# Women's day vs Mother's day



## AniversaryFight (Mar 7, 2011)

How important is womens day 8.March for women? Is it as important day as mothers day? 

do you expect any gift or special treatment on 8. March from your husband?

I have had arguments in my previous relationships (some of my past girlfriends) about this day. Some said they expect some gifts and special treatment but I used to say is not about specific woman is about women internationally as you have explained. So no gift nor special treatment given to any woman so far!

I respect and do consider mothers day, valentines anniversary, birthdays etc as special days thou.

Now my wife (married two years now) we never argue nor discussed about this day. for her i just used to say Happy womens day..and thats all. She has not complained or whatsoever. And now since it came again I am wondering what are views of women about it.


----------



## Syrum (Feb 22, 2011)

No International women's day is about recognising the work women did to help ensure equity for women, and to remind us there is still a long way to go. To remember there are many women in the world without any rights and who cannot get an education etc.

Mothers day, is to thank your wife for being a great mum.


----------



## AniversaryFight (Mar 7, 2011)

Syrum.
I have had arguments in my previous relationships (some of my past girlfriends) about this day. Some said they expect some gifts and special treatment but I used to say is not about specific woman is about women internationally as you have explained. So no gift nor special treatment given to any woman so far!

I respect and do consider mothers day, valentines anniversary, birthdays etc as special days thou.

Now my wife (married two years now) we never argue nor discussed about this day. for her i just used to say Happy womens day..and thats all. She has not complained or whatsoever. And now since it came again I am wondering what are views of women about it.


----------



## reachingshore (Jun 10, 2010)

Depends on that woman's background. In some cultures (for example mine) Women's Day has been there long before we adopted Valentines Day. Enter gifts, flowers, restaurants, romancing her on that day etc. Here Women's Day is still surrounded by the hype equivalent or even more so as the V Day in the US.

One should also remember about their mothers, sisters etc.


----------



## woodstock (Feb 21, 2011)

Never heard of it... And I don't need a day to celebrate being woman, and I don't want anything for it, except respect.


----------



## reachingshore (Jun 10, 2010)

woodstock said:


> Never heard of it... And I don't need a day to celebrate being woman, and I don't want anything for it, except respect.

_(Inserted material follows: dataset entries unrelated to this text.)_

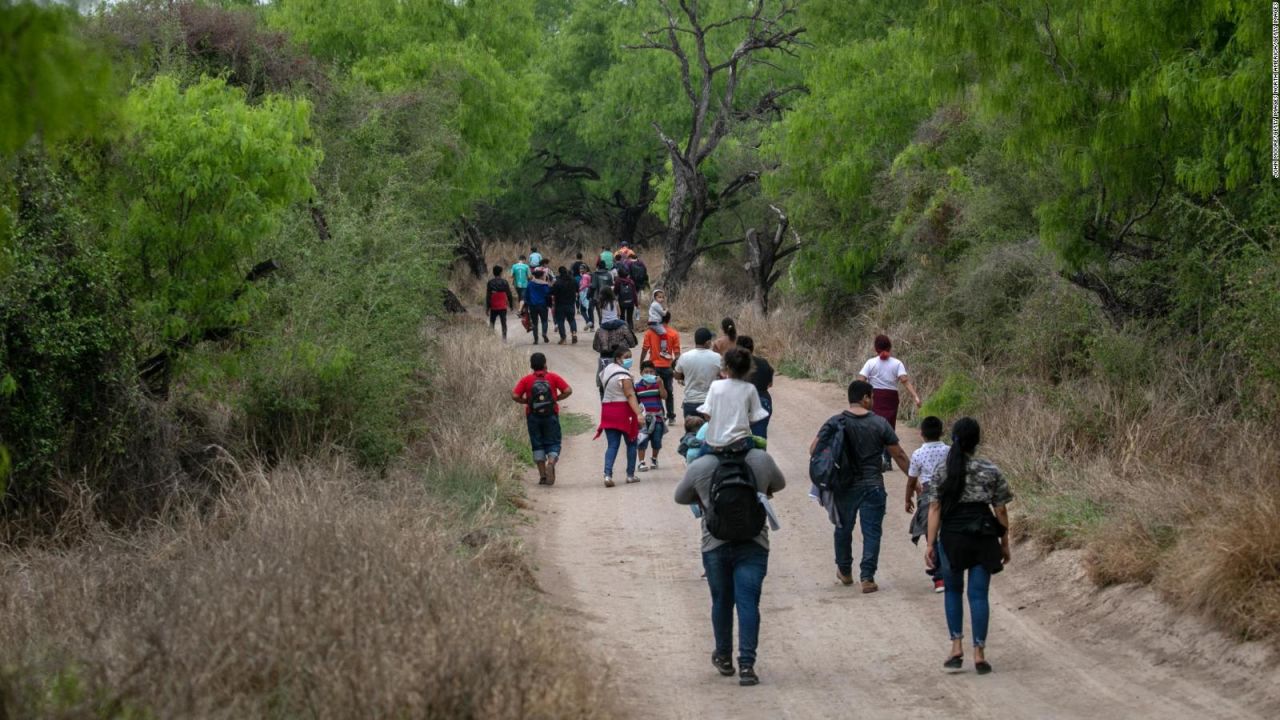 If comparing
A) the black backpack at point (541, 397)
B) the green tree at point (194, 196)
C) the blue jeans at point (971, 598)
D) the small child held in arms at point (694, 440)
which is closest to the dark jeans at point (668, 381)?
the black backpack at point (541, 397)

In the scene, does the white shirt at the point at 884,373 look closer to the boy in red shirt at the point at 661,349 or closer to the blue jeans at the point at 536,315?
the boy in red shirt at the point at 661,349

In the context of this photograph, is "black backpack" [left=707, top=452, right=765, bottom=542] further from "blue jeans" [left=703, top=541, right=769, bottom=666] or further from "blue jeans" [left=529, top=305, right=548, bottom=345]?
"blue jeans" [left=529, top=305, right=548, bottom=345]

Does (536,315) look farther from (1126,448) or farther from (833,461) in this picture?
(833,461)

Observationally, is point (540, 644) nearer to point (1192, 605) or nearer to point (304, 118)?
point (1192, 605)

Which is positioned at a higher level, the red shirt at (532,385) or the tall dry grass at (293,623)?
the red shirt at (532,385)

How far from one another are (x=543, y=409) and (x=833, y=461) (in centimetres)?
522

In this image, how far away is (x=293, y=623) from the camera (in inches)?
277

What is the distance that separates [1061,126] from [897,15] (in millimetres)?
13612

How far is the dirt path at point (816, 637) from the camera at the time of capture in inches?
338

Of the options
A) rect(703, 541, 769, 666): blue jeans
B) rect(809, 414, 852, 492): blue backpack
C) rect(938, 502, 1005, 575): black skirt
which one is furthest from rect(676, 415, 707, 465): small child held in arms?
rect(938, 502, 1005, 575): black skirt

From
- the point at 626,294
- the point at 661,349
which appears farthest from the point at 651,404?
the point at 626,294

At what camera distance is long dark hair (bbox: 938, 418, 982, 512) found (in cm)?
907

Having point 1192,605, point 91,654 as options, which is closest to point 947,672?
point 1192,605

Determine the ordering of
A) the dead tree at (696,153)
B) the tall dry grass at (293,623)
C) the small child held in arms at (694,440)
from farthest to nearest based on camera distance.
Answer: the dead tree at (696,153) < the small child held in arms at (694,440) < the tall dry grass at (293,623) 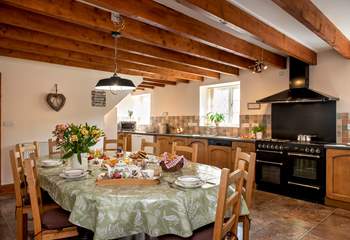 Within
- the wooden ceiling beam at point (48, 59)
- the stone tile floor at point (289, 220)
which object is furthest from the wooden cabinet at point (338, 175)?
the wooden ceiling beam at point (48, 59)

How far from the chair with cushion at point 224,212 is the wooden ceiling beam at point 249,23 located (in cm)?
137

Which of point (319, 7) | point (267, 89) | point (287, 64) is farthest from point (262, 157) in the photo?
point (319, 7)

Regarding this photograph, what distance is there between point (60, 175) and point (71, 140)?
31 cm

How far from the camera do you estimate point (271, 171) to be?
4160 millimetres

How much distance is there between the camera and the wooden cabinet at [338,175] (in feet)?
11.2

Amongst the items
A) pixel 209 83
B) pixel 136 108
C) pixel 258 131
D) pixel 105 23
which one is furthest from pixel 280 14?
pixel 136 108

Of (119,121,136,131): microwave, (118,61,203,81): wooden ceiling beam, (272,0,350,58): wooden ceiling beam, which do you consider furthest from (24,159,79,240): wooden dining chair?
(119,121,136,131): microwave

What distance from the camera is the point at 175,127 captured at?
6.62 metres

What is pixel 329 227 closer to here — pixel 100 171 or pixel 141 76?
pixel 100 171

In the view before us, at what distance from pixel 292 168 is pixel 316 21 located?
7.31 feet

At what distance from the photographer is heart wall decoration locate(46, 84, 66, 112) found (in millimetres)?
4594

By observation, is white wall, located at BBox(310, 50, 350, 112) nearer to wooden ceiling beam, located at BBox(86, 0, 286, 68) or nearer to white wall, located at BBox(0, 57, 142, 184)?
wooden ceiling beam, located at BBox(86, 0, 286, 68)

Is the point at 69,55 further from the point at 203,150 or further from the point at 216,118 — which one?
the point at 216,118

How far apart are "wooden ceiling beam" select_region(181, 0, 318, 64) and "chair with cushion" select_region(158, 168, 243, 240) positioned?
1366mm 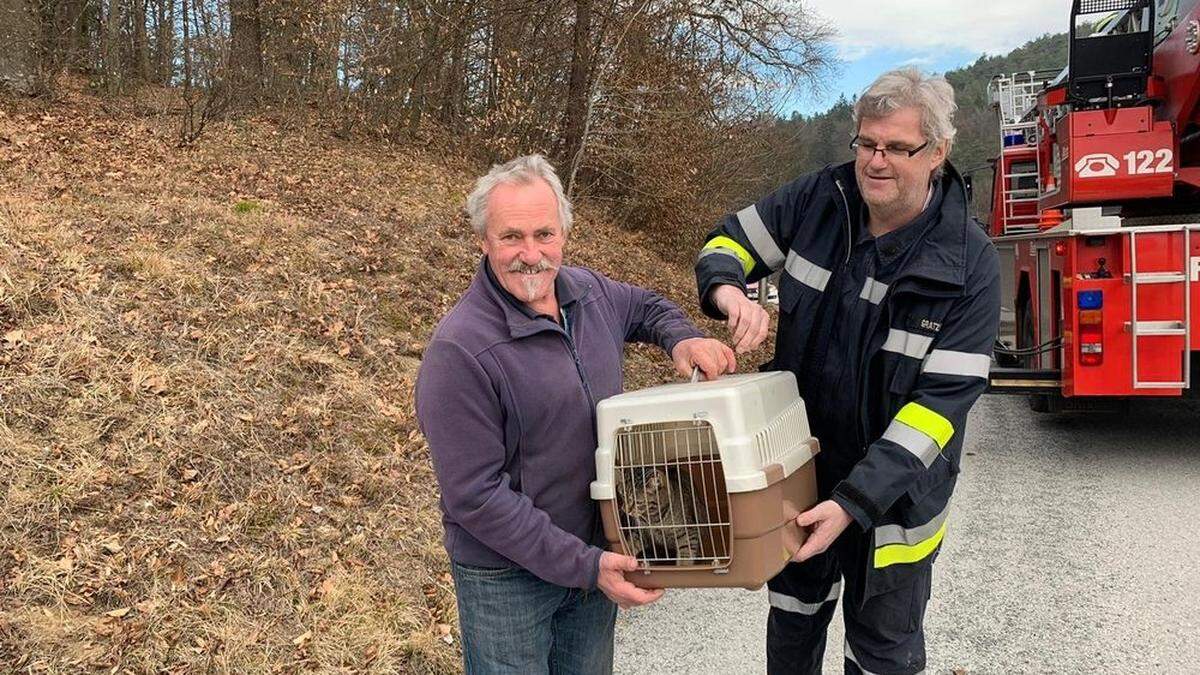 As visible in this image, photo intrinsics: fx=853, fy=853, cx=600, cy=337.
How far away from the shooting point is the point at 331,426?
4.98 meters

NO WONDER nobody wants wine or to celebrate in my thread! **face palm** Never heard of it, she says... **harrumph**


----------



## woodstock (Feb 21, 2011)

reachingshore said:


> NO WONDER nobody wants wine or to celebrate in my thread! **face palm** Never heard of it, she says... **harrumph**


I don't mind a women's rights day, women's equality day, women's sufferage day etc... but women's day makes it sounds like we deserve something special. Something over men. I don't believe that. 

I think children, both sexes, should have a better education on the fight for women's rights and what it has all meant (and how feminist does NOT mean manhater) but I think demanding a day for ourselves, well, I almost think that will do more harm than good. 

Call it Susan B day, or Cady Stanton day or something.. like president's day, a day to celebrate the women and the cause..

How about "Where the F**K is our ERA day"? THAT I could get behind!!!!!

I am all for pumping up the wonder bras, but I don't see the need for a day for that!


----------



## woodstock (Feb 21, 2011)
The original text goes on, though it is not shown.